AML and MDS – the ever-expanding potential of genetics to define clinically relevant subclasses

For nearly half a century acute myeloid leukemia (AML) and myelodysplastic syndromes (MDS) have been separated according to the percentage of bone marrow blasts. However, the last ten years have shown that the incorporation of genetic information in the classification improves its accuracy in diagnosis and prognosis. Some cases with specific genetic aberrations are classified as AML even irrespective of the blast counts. The estimation of the blast counts itself might vary depending on the experience of the hematopathologist and other methods that also quantify pathologic cell populations, such as flow cytometry, might report divergent results.

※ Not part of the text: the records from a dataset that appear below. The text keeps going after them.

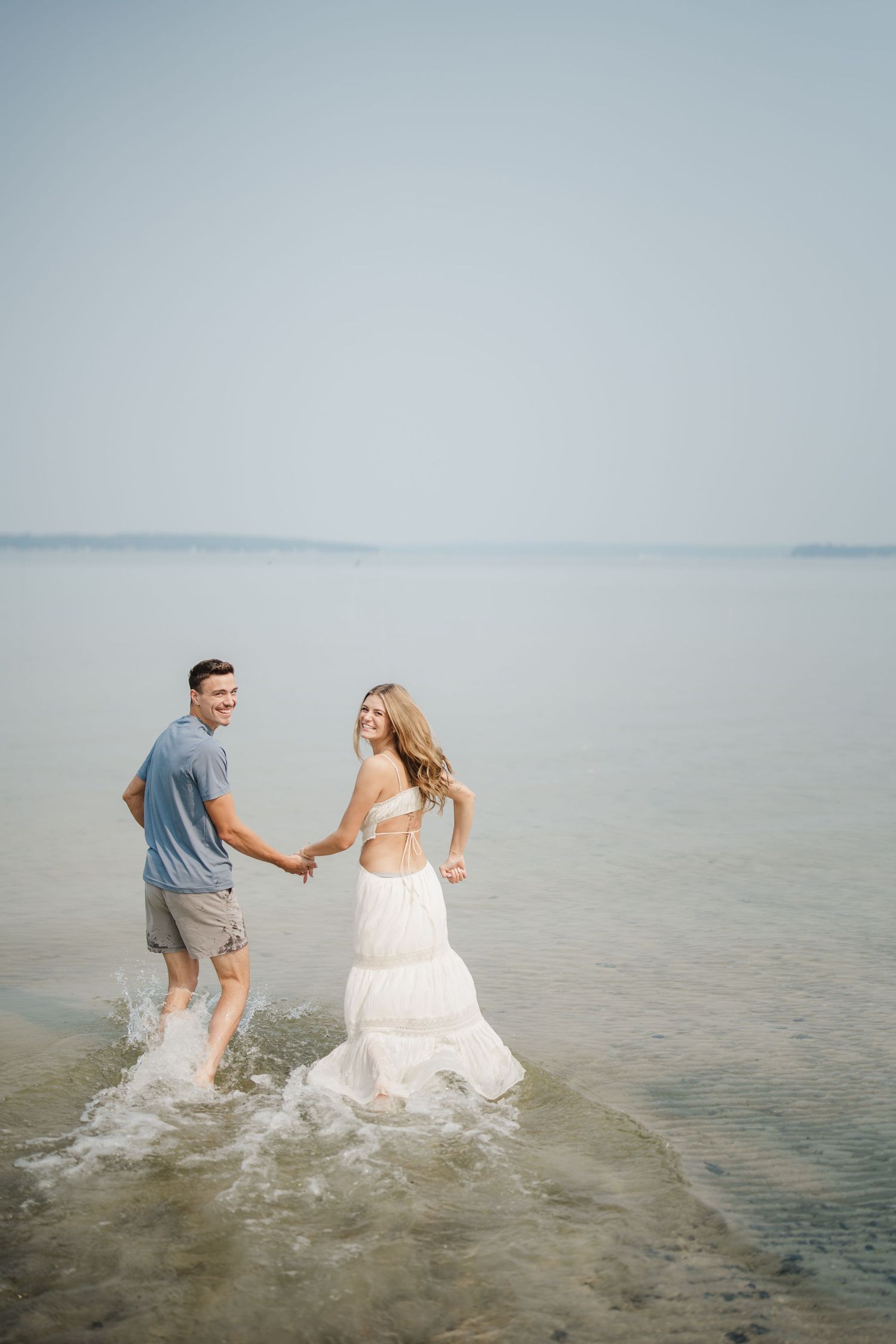 A couple splashes through shallow coastal waters on a misty day, with the person in a flowing white dress.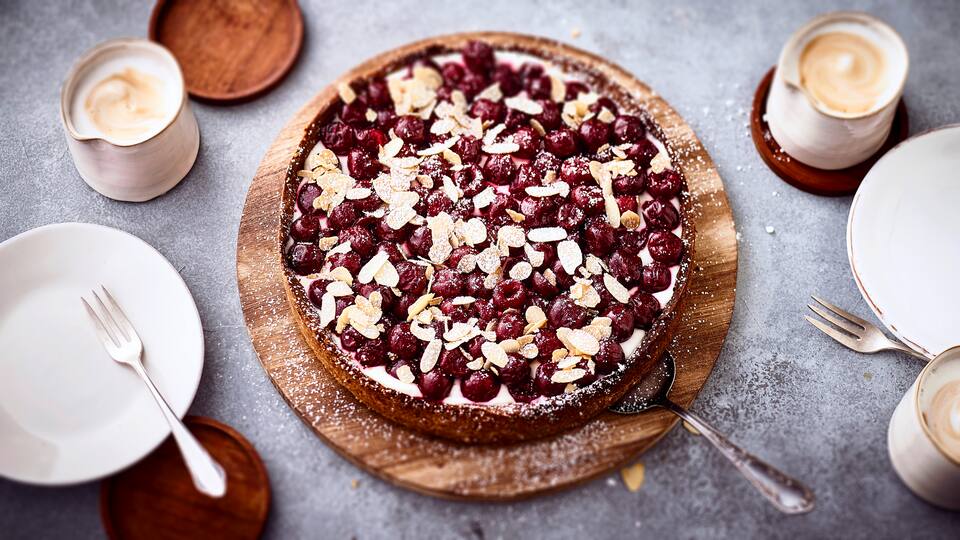 Köstlicher und erfrischender Kuchen mit einer Joghurtcreme bilden die ideale Unterlage für süße Kirschen und Mandelblättchen.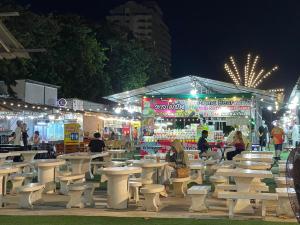 a group of tables and benches in a market at night at New Abani in Jomtien Beach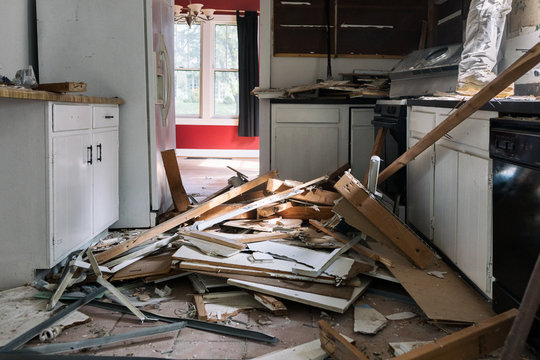 Kitchen: Pile Of Refuse On Floor From Demo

The research work of the MLL on this topic was summarized in three abstracts for ASH 2019:

Divergent findings regarding blasts as determined by cytomorphology and flow cytometry

Comprehensive diagnostics of hematologic malignancies is based on an integrated application of various methods such as cytomorphology, cytogenetics, immunophenotyping and molecular genetics. Cytomorphology and flow cytometry are both applied to identify and quantify pathologic cell populations with, in the majority of the cases, consistent results. However, especially in MDS, AML, and related diseases it is sometimes challenging to align cytomorphologically defined blasts (%blasts) and flow cytometrically defined myeloid progenitor cells (MPC, %MPC). Drawing from the collection of analyzed myeloid malignancies at MLL Kern et al.  analyzed the genetic background of 49 cases with %blasts > %MPC (group1) compared to 83 AML cases with consistently high percentages by both methods (group2) and 53 MDS cases with matching low %blasts and %MPC (group3). With 76% normal karyotypes were most frequently observed in group 1, followed by group 3 (64%) and group 2 (51%). Hence, the karyotypes of group 1 were more similar to MDS. 34 genes associated with myeloid malignancies were analyzed regarding their mutational frequencies in the different groups. It was found that the mutation spectrum of cases from group1 were similar to MDS developing into secondary AML with higher frequencies of ASXL1, SRSF2, TET2, and RUNX1SF3B1 mutations that are associated with favorable prognosis in MDS were only detected with low frequencies in groups 1 and 2. Genes typically associated with de novo AML were found most frequently in group 2. Hence, the study revealed a higher similarity of cases with %blasts > %MPC to MDS than to AML, encouraging a more extensive integration of mutation data into the classification of these myeloid neoplasm.   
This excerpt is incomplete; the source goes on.